Why I failed to create the "Solid.js's store" for Svelte, and announcing svelte-store-tree v0.3.1

Recently I released a new version of svelte-store-tree. It's a state management library for Svelte that I started to develop two months ago, and redesigned its API in the latest version. Today, let me introduce the detailed usage of svelte-store-tree, and compare with a similar library: Solid.js's store feature. Then, I'll share you with a problem of Svelte's store. I'm glad if this article helps you review the design of Svelte in the future.

Summary

• svelte-store-tree is a state management library for managing tree-like nested structures in Svelte.
• I referred a similar library, Solid.js's store, before creating it.

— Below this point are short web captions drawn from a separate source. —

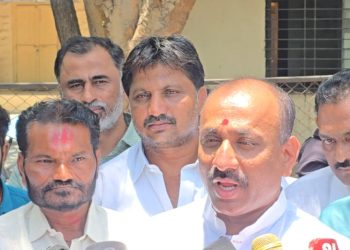 विरोधकांची स्वतःच ‘अदृश्य’ होण्याची वेळ आलीय; आमदार सचिन कल्याणशेट्टींचा थेट टोला!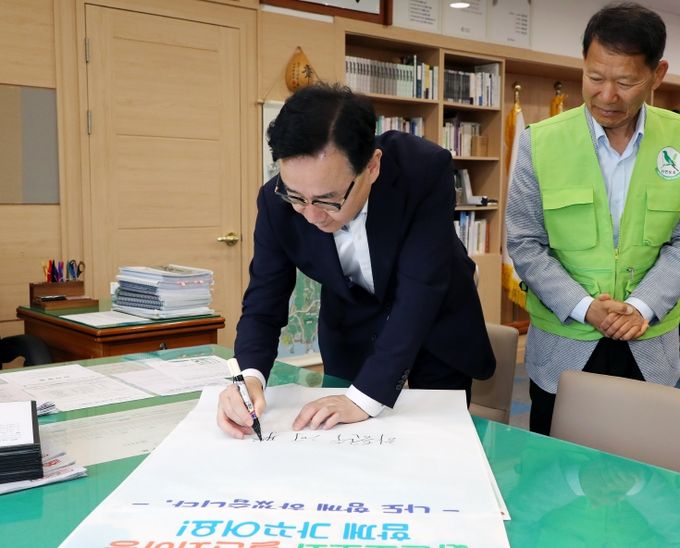 하승철 하동군수도 탄소중립 서명운동에 동참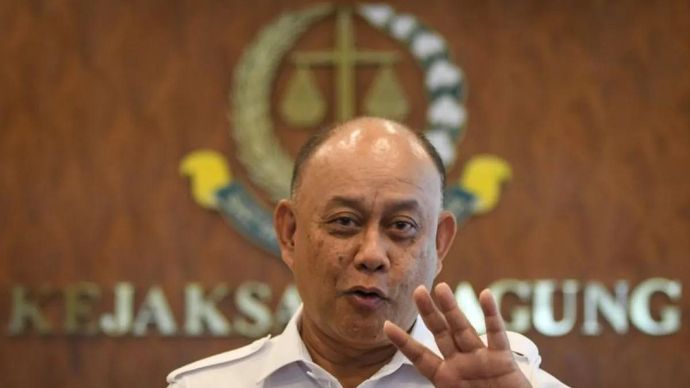 Kepala Badan Gizi Nasional (BGN) Dadan Hindayana menyampaikan keterangan kepada wartawan usai bertemu dengan Jaksa Agung ST Burhanuddin di Gedung Kejaksaan Agung, Jakarta, Selasa 17 Maret 2026.. Kehadiran Kepala BGN tersebut guna meminta dukungan Kejaksaan Agung untuk memperkuat pengawasan program Makan Bergizi Gratis (MBG), termasuk dengan menempatkan pejabat dari Kejakgung di internal BGN. ANTARA FOTO/Aditya Pradana Putra/nz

But by contrast with Solid.js's store, svelte-store-tree requires selecting the value inside the store with its choose function to handle union type values. It's due to the design of Svelte's store that confines "the API to read the current value of the store" and "the API to update the value of the store" into a single store object.

Introduction to svelte-store-tree

As the name shows, svelte-store-tree adds¹ methods to the store objects of Svelte, to easily work with trees (nested structures). I developed it for building a complex tree structure intuitively in my current job with Svelte.

Example Usage

From this section, I'll use the type below in the example app you can run here.

export type Tree = string | undefined | KeyValue | Tree[];

export type KeyValue = {
  key: string;
  value: string;
};

It's really a recursive structure with various possible values.

NOTE: I uploaded the code of the example app onto GitHub, so I'll put the link to the corresponding lines in GitHub after quoting the part of the code.

Creating a WritableTree Object

To create a WritableTree object provided by svelte-store-tree, use the writableTree function literally:

export const tree = writableTree<Tree>([
  "foo",
  "bar",
  ["baz1", "baz2", "baz3"],
  undefined,
  { key: "some key", value: "some value" },
]);

In the same way with the original writable function, writableTree receives the initial value of the store as its argument. Because Tree is a union type, we should specify the type parameter to help type inference in the example above.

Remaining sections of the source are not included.